(Records drawn from a dataset)
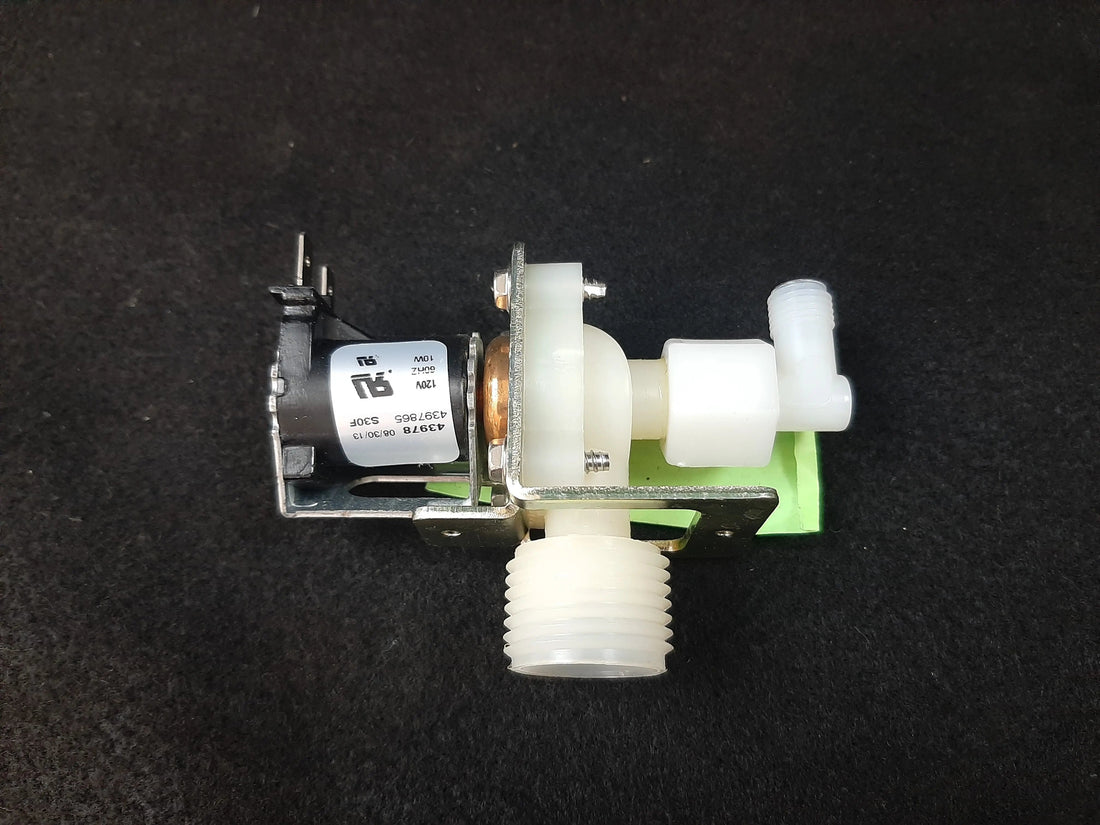 Air Techniques 43980 fill solenoid assembly for AT2000 XR film processor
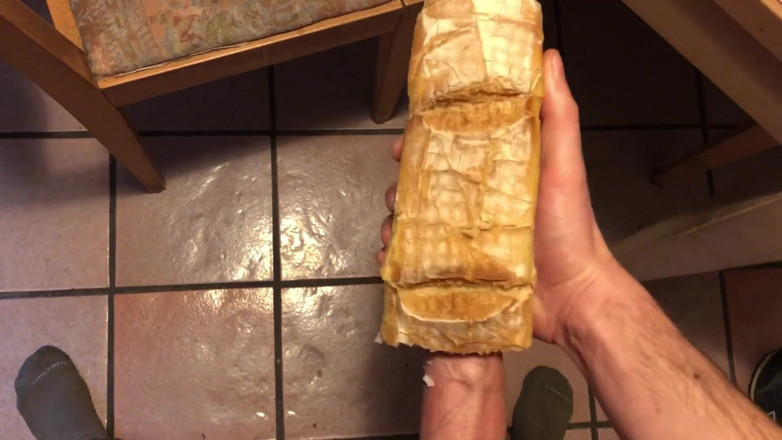 Francesco Spinozzi: Fucking bread 2
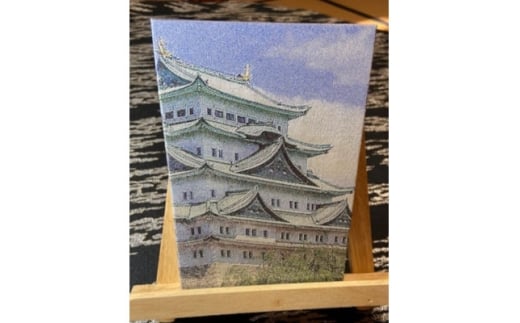 御城印帳(名古屋城)【1667088】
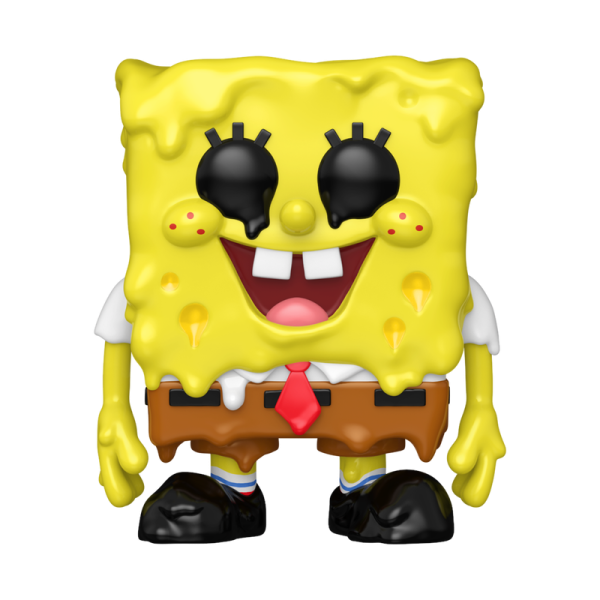 FUNKO POP! Vinyl Figur Animation Spongebob Schwammkopf Sqarepants Spongebob Sqaurepants Melting  2556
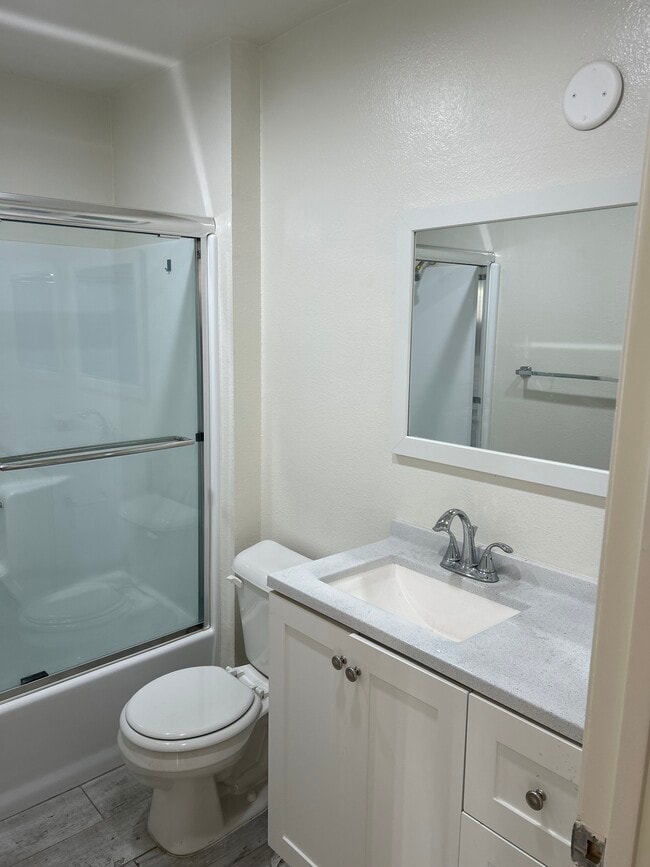 Of a similar unit - Ben Apartments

TASK DIRECTIONS: The result should be a verbatim copy of the data, free of pictures.

TASK SOLUTION:
 Air Techniques 43980 fill solenoid assembly for AT2000 XR film processor
 Francesco Spinozzi: Fucking bread 2
 御城印帳(名古屋城)【1667088】
 FUNKO POP! Vinyl Figur Animation Spongebob Schwammkopf Sqarepants Spongebob Sqaurepants Melting  2556
 Of a similar unit - Ben Apartments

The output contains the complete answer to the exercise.